# Sticky  New to this forum? PLEASE read!



## Fallguy

With the new season upon us, everyone is excited to get out there and collect some fur. I know I was like a kid in a candy store the first few times I got out this fall.

Whether you are new to the sport of predator hunting, or a veteran, new to the forum, or been around a while, we are bound to get questions on topics that have been discussed over and over.

My suggestion to you is this. We have a great SEARCH feature in which you can search the forum for a specifc topic. Use this feature, gather what info you can, and then if you need more info start posting threads.

Hope you hear from you!

Fallguy


----------



## Yote Buster

hey fall guy. i was new to the site last year. havent had a chance to go on much but i love it here. us callers are kinda like a family, takes a special breed to go out and sit in -20deg weather for fun. im from central mn and cant call a yote in to save my life life here but we go to nd a couple times a winter and do farly well. i dont know whats going on here or what im doing wrong. you got any pointers for me? thanks man. good luck and we'll talk to ya later :sniper: shoot straight


----------



## Fallguy

Hey you are right we are like a family in a way.

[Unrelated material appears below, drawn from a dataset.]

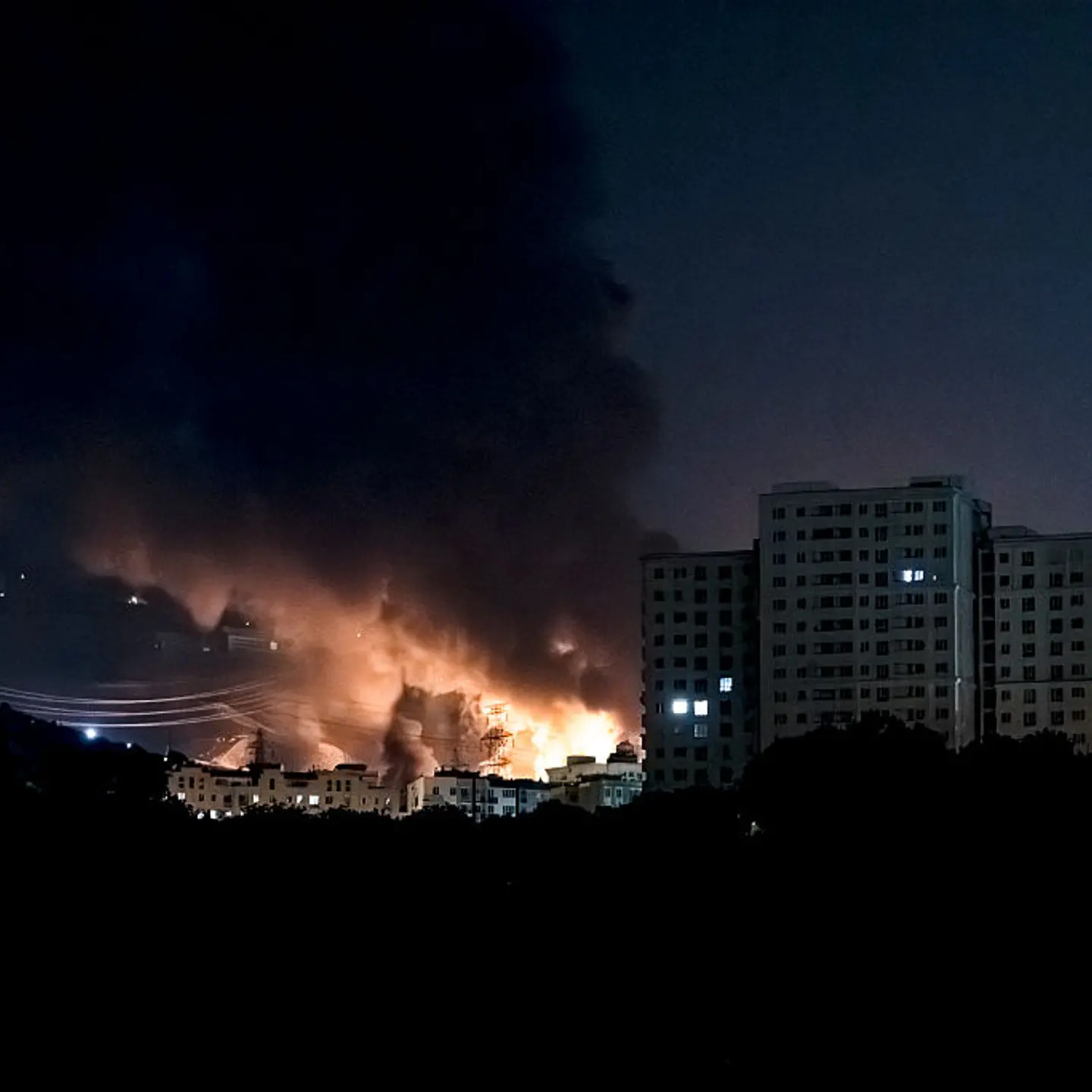 Smoke rises from locations targeted in Tehran on the third day of Israel's waves of strikes against Iran, on June 15, 2025.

I understand central MN is quite different from what we face in ND. I don't have any specific tips for there but I know there are some successful callers from MN on here. Just a few names: Levi, lyonch, R Buker (hasn't been here for a while), etc. I am sure someone can talk some MN tactics with you.

Carry on!


----------



## lady_hunter75

I'm new to this forum...kinda feel outta place w/ all you fellas! Yote hunting has been superb out here in southcentral ND! With all the hills and government land around, you can definately call up some varmints! Glad to be a member here and hope to hear more stories and tips from everyone!


----------



## hiknhunt

I am also new to the forum. I live out west and I also can't call a coyote to save my but. But I refuse to give up any tips.


----------



## Fallguy

lady hunter

Glad to see a female on here hunting coyotes! We need a female here once in a while to keep us in line. :wink: Looking forward to some success stories!


----------



## cattrapper77

man coyote huntin here in missouri has been slow so far this year! ive went 4 times and i still havent called one in yet! i usually kill 5-6 each year within the second time out! i just dont know whats wrong.


----------



## Marine Sniper

Why did u inactivate my friend Lt.monkeybutts profile? :lol:


----------



## Fallguy

It wasn't me.


----------



## JDD

also new you guys have a great site here i live in indiana tought right now but good hunting so far this year got 12 on the ground so far


----------



## bman940

Great site and great information to be had here. I look forward to learning more about coyote hunting and hopefully passing along some information as well. Thanks for having me.


----------



## J.Mark

Just a suggestion but if new posts were always posted at top of page it make it so much easier to follow the latest posts.


----------